Given these entries, repeat exactly the lines starting with the one that has "I'm going to also" and going on through the one that has "Why is this", both included, but none of the pictures.
Data START
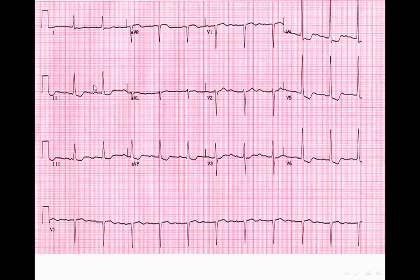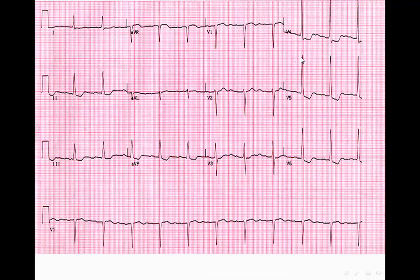Here the axis is normal, but there is high voltage in the chest leads. If we calculate the sum of the S wave in V1 plus the R wave in V5 or V6, we count 1, 2, 3, 4, 5, 6, 7 — and the sum is more than 35 small squares, or 7 big boxes. So this is a case of LVH.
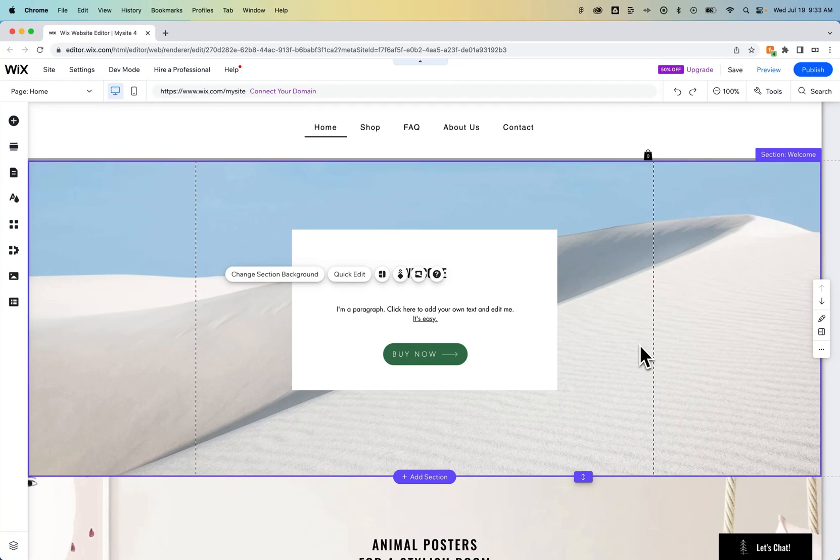How do you add images to your Wix website? We can do that in a couple different ways. First off, there are sections on your site that can have backgrounds.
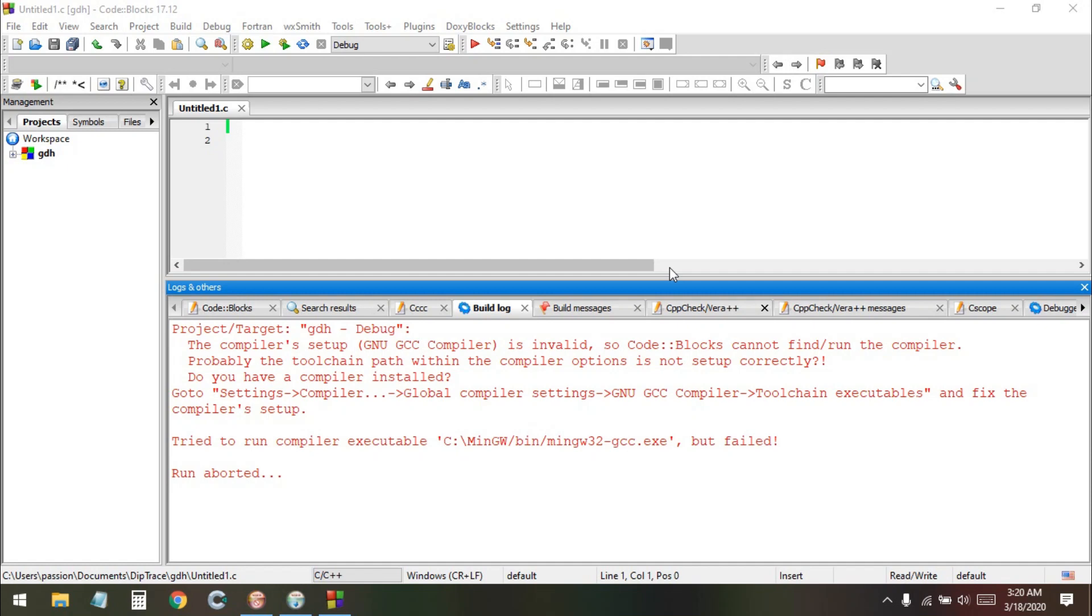If you installed the Code::Blocks software and are finding the problem that the GNU GCC compiler is not found, you're in the right place. In today's video, by the end I will teach you how you can fix this error very easily from start to finish.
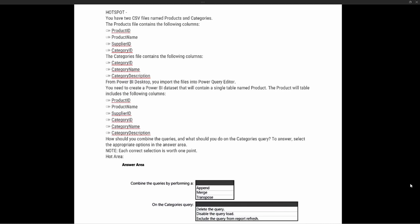It says we have two CSV files: products and categories. The products file contains the following columns: product ID, product name, supplier ID, and category ID. The categories file contains: category ID, category name, and category description. From Power BI Desktop, you import the files into the Power Query Editor. We need to create a Power BI dataset that will contain a single table named product, including columns: product ID, product name, supplier ID, category ID, category name, and category description.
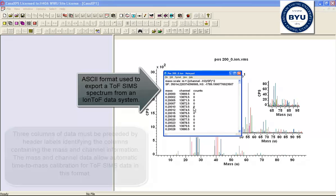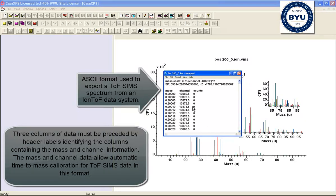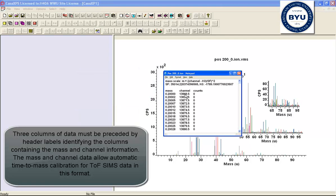ToF-SIMS data can be converted from ASCII files containing three columns of information. The first two columns should contain mass and the channel number associated with the mass, and the third column must be the counts in each one of these channels.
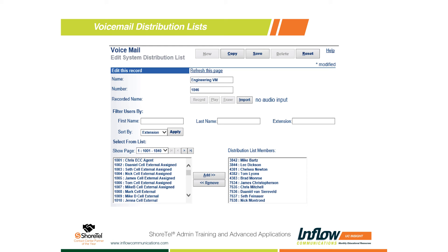Next we need to add users to the system. On the left-hand side you have your whole user list. You can sort by extension, first name, or last name using the drop-down. Then you start adding users — you could put in 100 users or 10. I picked about 10 from the engineering team for this example. Once you've got everybody added, you simply hit the Save button at the top, and the distribution list takes mere seconds to build.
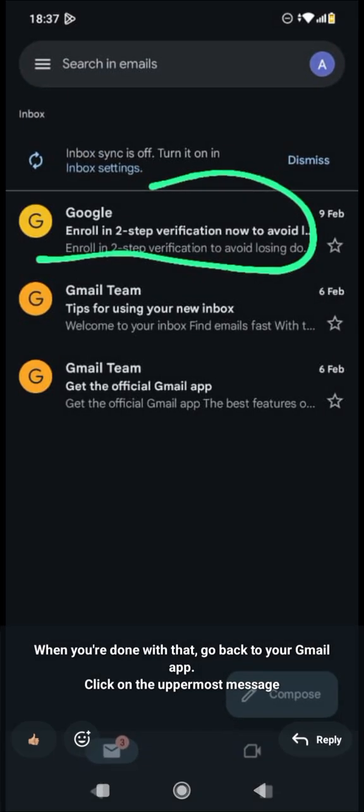After that it's going to log in successfully, and it will send you an email that you should enroll in two-step verification. It is very important that you do that so you don't lose your Google account. There is another video on this YouTube channel and I'm going to send the link to you.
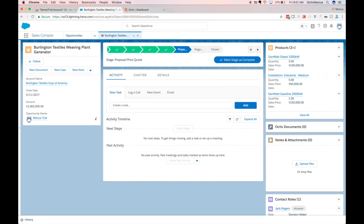In this video we're going to create an Octave document from Salesforce, generating it using data from a Salesforce opportunity. We'll customize that document with basic content edits in Octave's web editor, pull in an asset from Octave's asset library, share it with a recipient from the opportunity contacts related list, track how that recipient interacts with the document, and close it using Octave eSignature while automatically updating the opportunity stage.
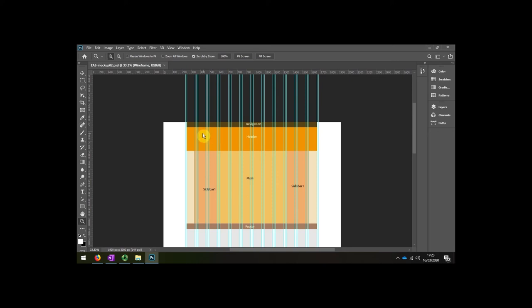I'm going to also create a navigation bar, a header, and a main area with two sidebars and a footer down the bottom to make it as close as possible to the kind of framework that you used in semester A and also to the example files that you've been using in your book.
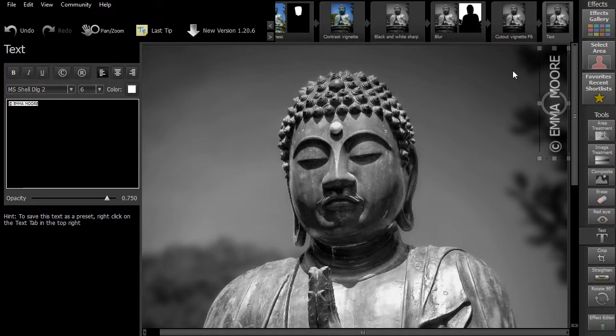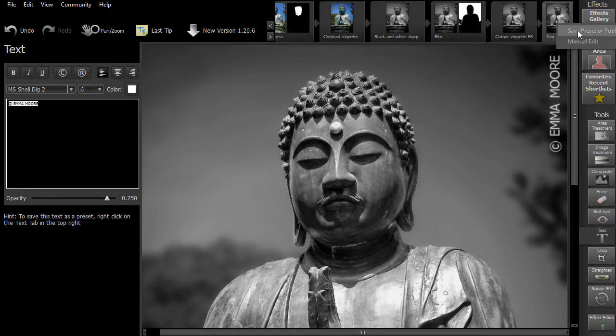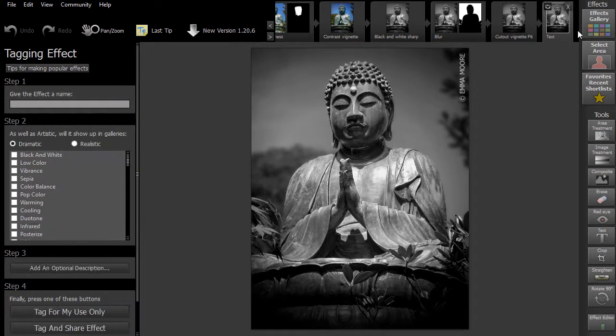In this video, we'll show you how to publish effects to the Effects Gallery. This is useful if there are a particular set of enhancements that you use frequently on your images, such as a certain image treatment or perhaps some text that you type in regularly. To do this, right-click on the thumbnail tab for the edit that you have done and select Save Preset or Publish.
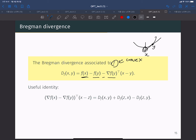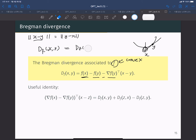Why is this called divergence and not distance? Usually, distance between points x and y is measured as the norm of x minus y in the current space, and distance has the property that you can exchange the locations of x and y. But divergence is different — if you swap x and y, the value generally changes. That is why we cannot call this Bregman distance; it is divergence, not distance.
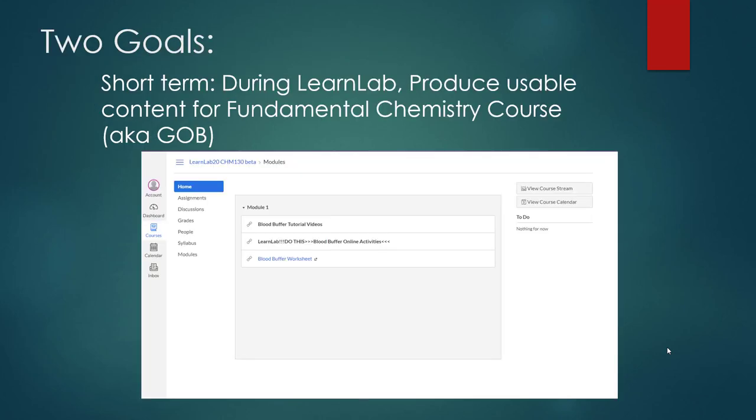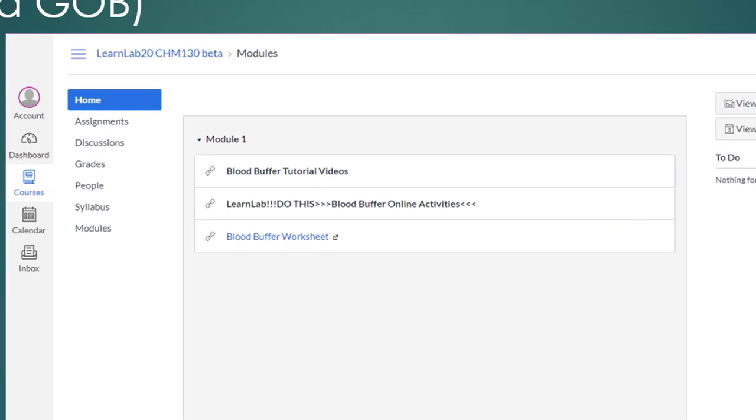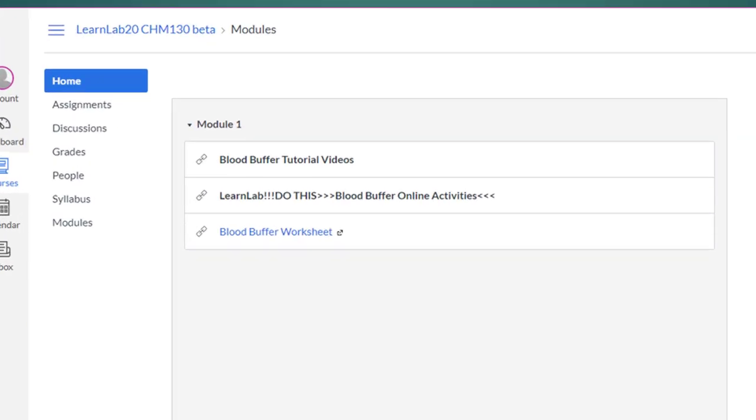I had two goals. Short term, I wanted to produce something during LearnLab that I could use in the fall semester for my fundamentals chemistry course. Sometimes fundamental chemistry courses are called GOB, which stands for General, Organic, and Biochemistry. What I produced in OLI is a set of practice problems for students to reinforce their knowledge on the blood buffer.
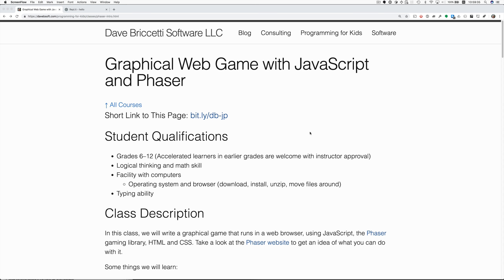Hi, Dave Brichetti here. I'm going to walk you through some challenges and solutions in my short course graphical web game with JavaScript and Phaser.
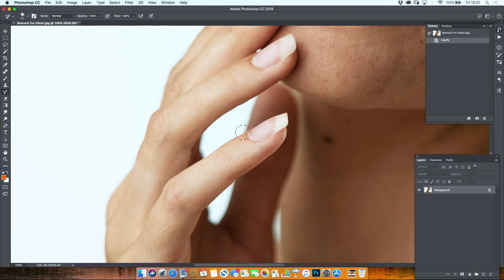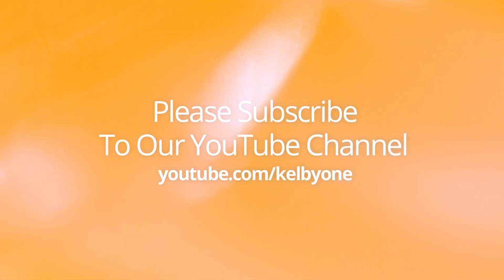And basically that would be it. I'm Victor Feijsch, and if you want to learn more tips like this, then check out my latest class on retouching at kalbi1.com.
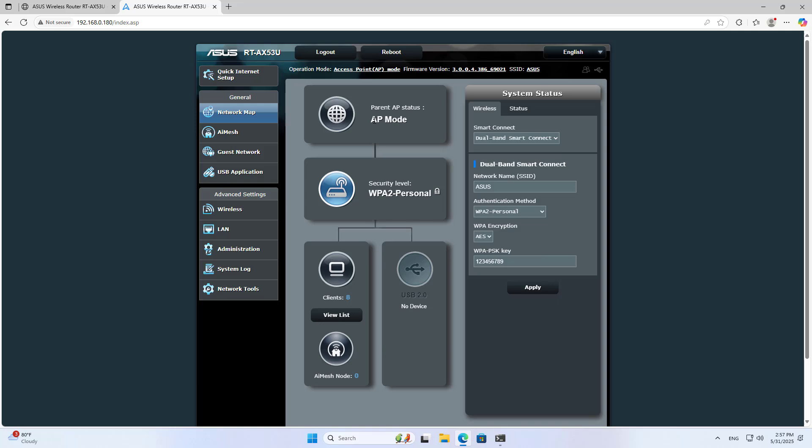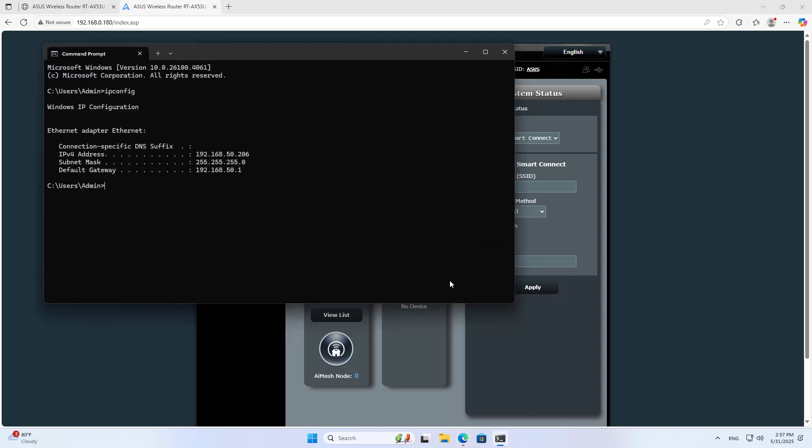AP Mode. The device operates in access point mode. My computer is assigned an IP address from the main router.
Data END
| Completed task |
I'm going to also create a navigation bar, a header, and a main area with two sidebars and a footer down the bottom to make it as close as possible to the kind of framework that you used in semester A and also to the example files that you've been using in your book.
In this video, we'll show you how to publish effects to the Effects Gallery. This is useful if there are a particular set of enhancements that you use frequently on your images, such as a certain image treatment or perhaps some text that you type in regularly. To do this, right-click on the thumbnail tab for the edit that you have done and select Save Preset or Publish.
Why is this called divergence and not distance? Usually, distance between points x and y is measured as the norm of x minus y in the current space, and distance has the property that you can exchange the locations of x and y. But divergence is different — if you swap x and y, the value generally changes. That is why we cannot call this Bregman distance; it is divergence, not distance.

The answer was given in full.